WORK REQUIRED>
The output must match the entries below exactly, with pictures removed.

INFORMATION GIVEN>
-.-.-
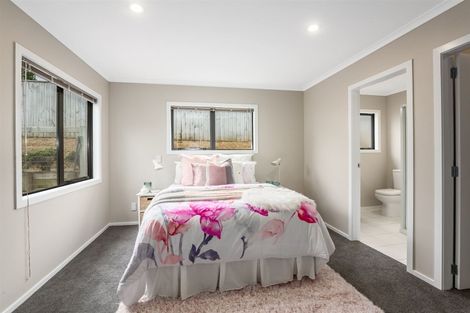 Photo of property in 3 Nelson Avenue, Aotea, Porirua, 5024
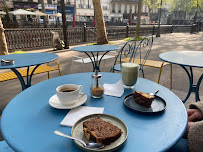 Café du Café ONI Coffee Shop à Paris - n°10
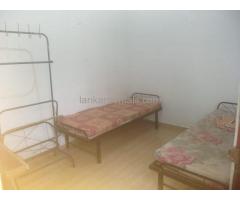 Room for rent-Nawinna maharagama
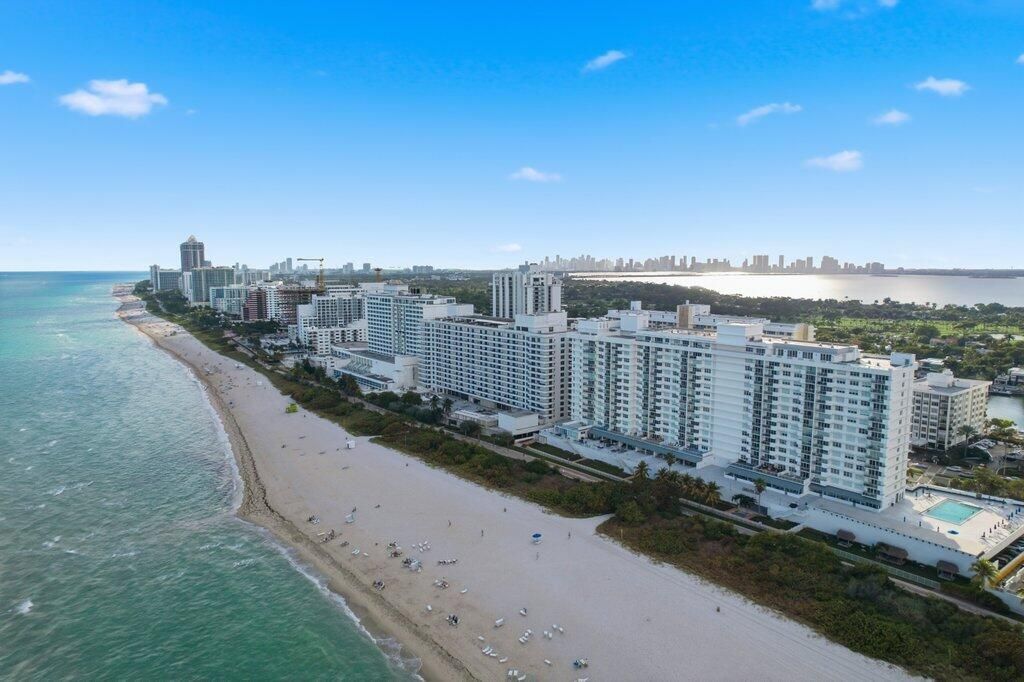 5555 Collins Avenue, Unit 16p, Miami Beach, FL 33140 Photo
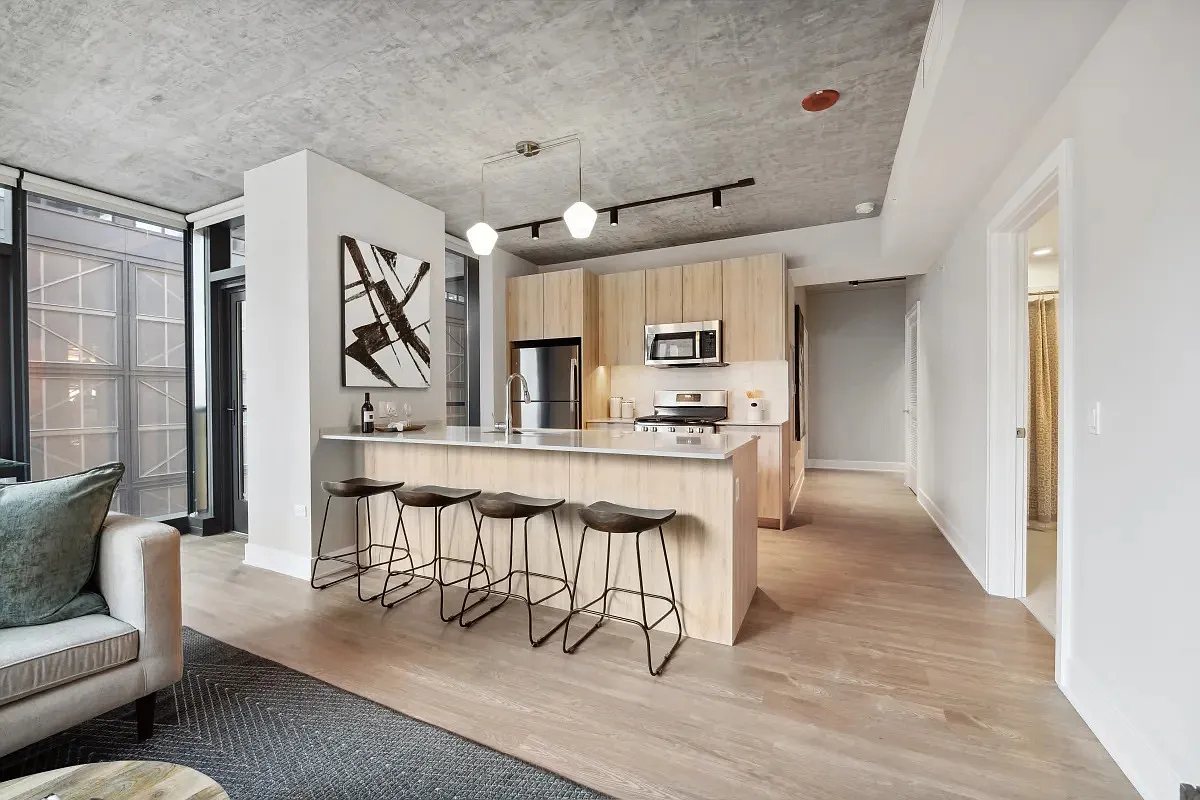 Building Photo - 1201 W Adams St #1601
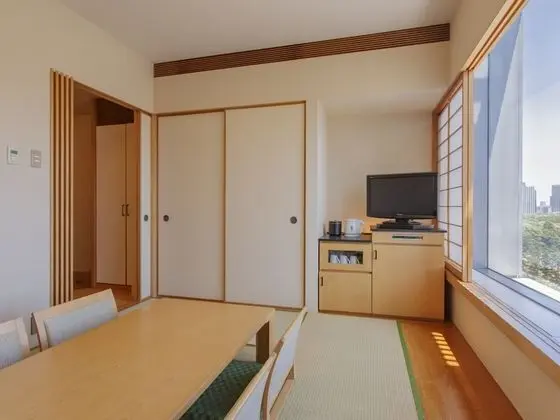 Geleneksel, Bir Japon Şilteli (Palace View)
-.-.-
RESPONSE AREA>
 Photo of property in 3 Nelson Avenue, Aotea, Porirua, 5024
 Café du Café ONI Coffee Shop à Paris - n°10
 Room for rent-Nawinna maharagama
 5555 Collins Avenue, Unit 16p, Miami Beach, FL 33140 Photo
 Building Photo - 1201 W Adams St #1601
 Geleneksel, Bir Japon Şilteli (Palace View)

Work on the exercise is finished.